→ **EXERCISE DESCRIPTION**
An exact copy of the records is required, minus the pictures they hold.

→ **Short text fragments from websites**
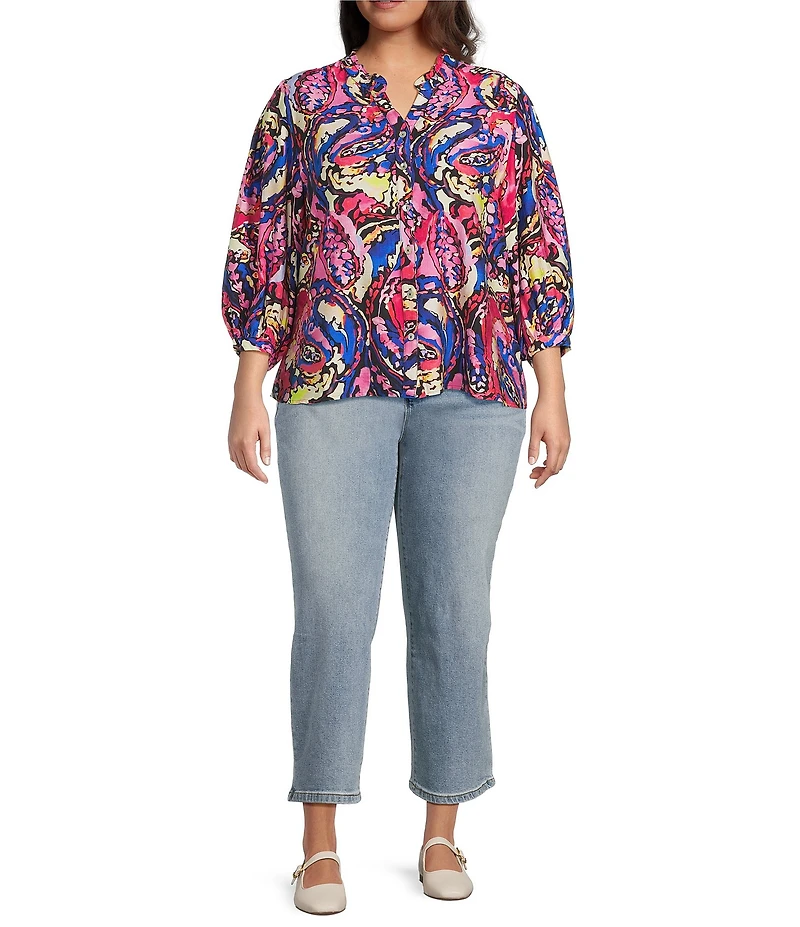 Calessa Plus Size Abstract Patchwork Round Split V-Neck 3/4 Sleeve Button-Front Tunic
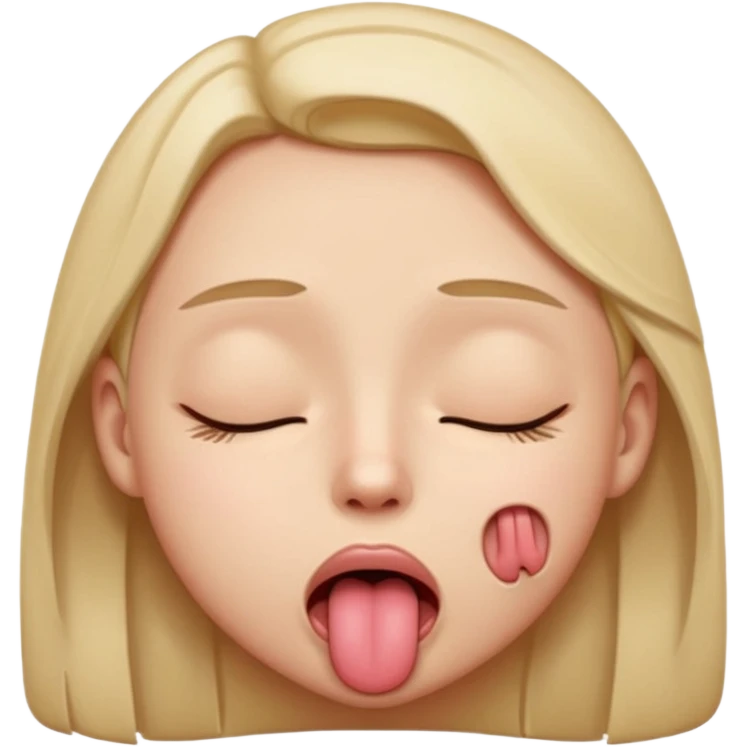 Eyes tightly closed like 😵 and tongue out like 😝 emoji
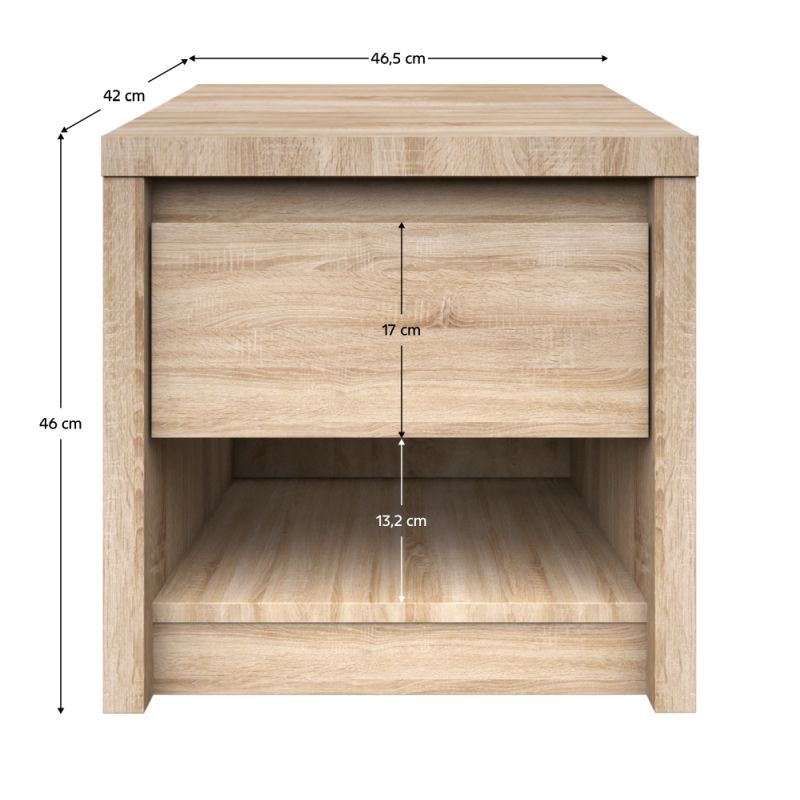 Nočný stolík, 46cm, dub sonoma, NORTY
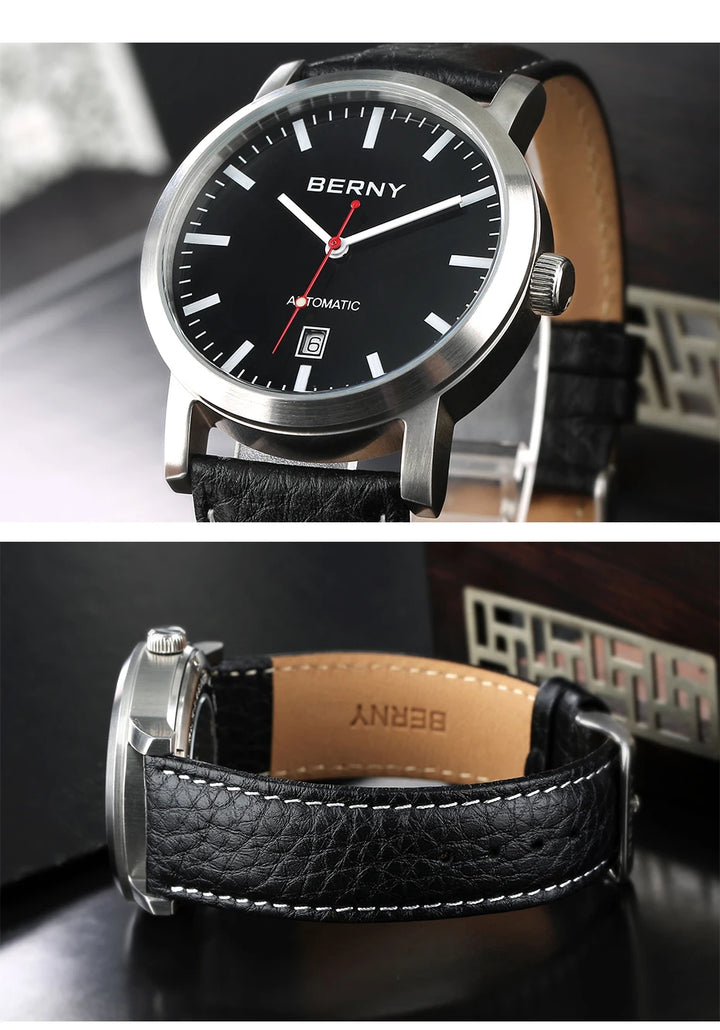 BERNY Men Mechanical Wristwatch 5ATM Waterproof Watch for Male Leather Swiss Railway Timepiece Luxury Brand  Automatic Men Watch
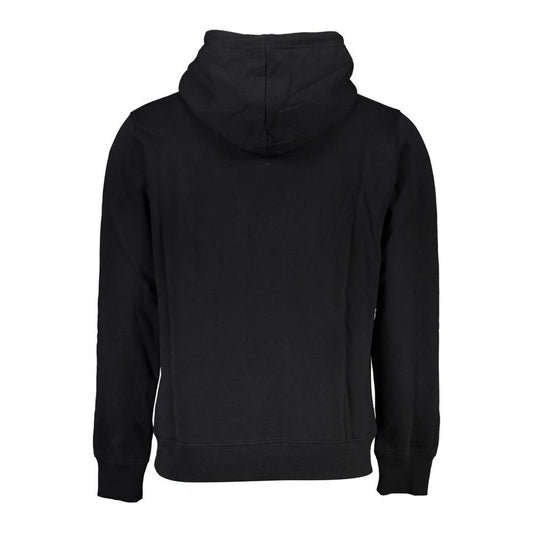 Calvin Klein Sleek Black Cotton Hoodie with Logo Print Calvin Klein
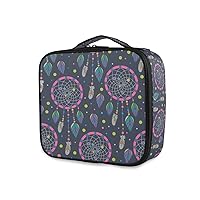ALAZA Makeup Case Boho Dreamcatchers Cosmetic Bag Organizer Travel Portable Storage Toiletry Bag Makeup Train Case with Adjustable Dividers for Teens Girls Women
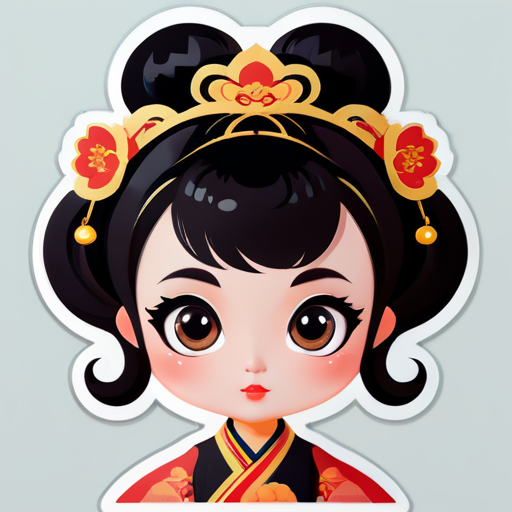 中国美女，大眼睛，高鼻梁，茂密的头发  sticker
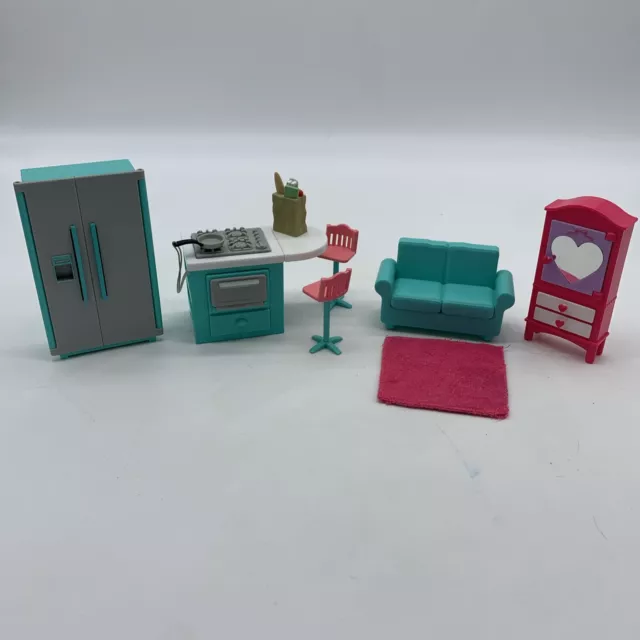 Dollhouse Furniture Lot of 6 Kitchen Living Room Stove Sound Teal Pink Toys R Us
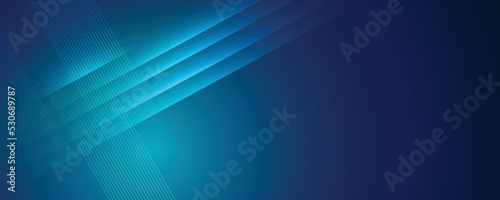 Abstract modern blue background with bright elements, parallel lines and geometric shape in vector illustration. 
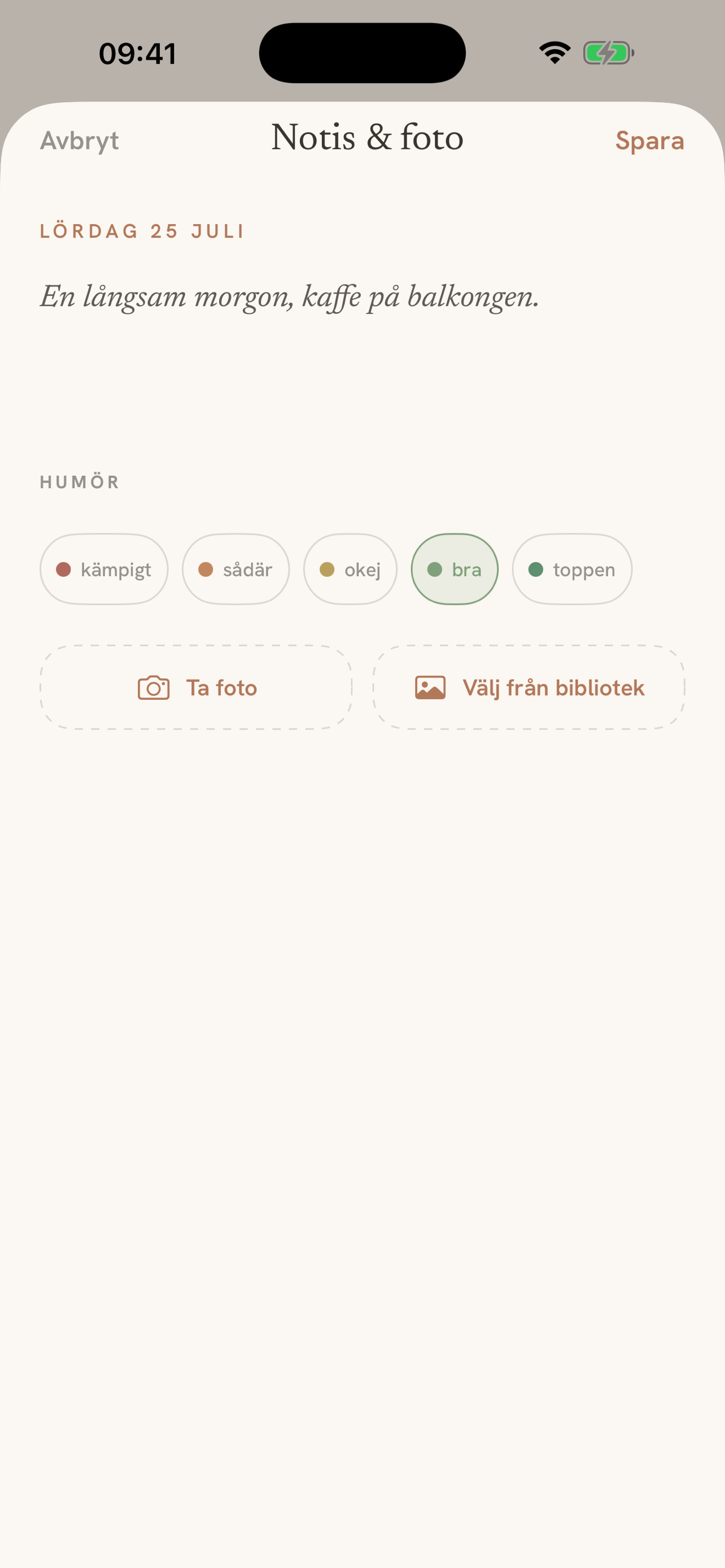 Keepsake: notes, moods and photos on any day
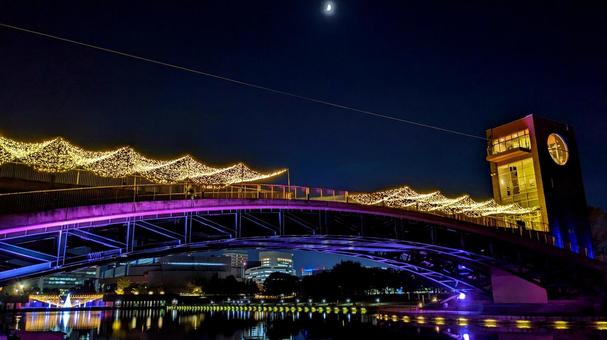 富岩運河環水公園　天門橋の夜景 富岩運河環水公園,富山県,富山市の写真素材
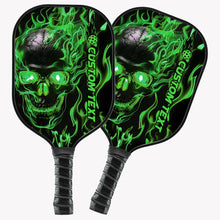 Load image into Gallery viewer, Black And Green Flame Skull Custom Pickleball Paddle, Halloween Pickleball Paddles Gifts Pickleball Rackets IPHW7492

→ **EXERCISE OUTPUT**
 Calessa Plus Size Abstract Patchwork Round Split V-Neck 3/4 Sleeve Button-Front Tunic
 Eyes tightly closed like 😵 and tongue out like 😝 emoji
 Nočný stolík, 46cm, dub sonoma, NORTY
 BERNY Men Mechanical Wristwatch 5ATM Waterproof Watch for Male Leather Swiss Railway Timepiece Luxury Brand  Automatic Men Watch
 Calvin Klein Sleek Black Cotton Hoodie with Logo Print Calvin Klein
ALAZA Makeup Case Boho Dreamcatchers Cosmetic Bag Organizer Travel Portable Storage Toiletry Bag Makeup Train Case with Adjustable Dividers for Teens Girls Women
 中国美女，大眼睛，高鼻梁，茂密的头发  sticker
 Dollhouse Furniture Lot of 6 Kitchen Living Room Stove Sound Teal Pink Toys R Us
 Abstract modern blue background with bright elements, parallel lines and geometric shape in vector illustration. 
 Keepsake: notes, moods and photos on any day
 富岩運河環水公園　天門橋の夜景 富岩運河環水公園,富山県,富山市の写真素材
 Load image into Gallery viewer, Black And Green Flame Skull Custom Pickleball Paddle, Halloween Pickleball Paddles Gifts Pickleball Rackets IPHW7492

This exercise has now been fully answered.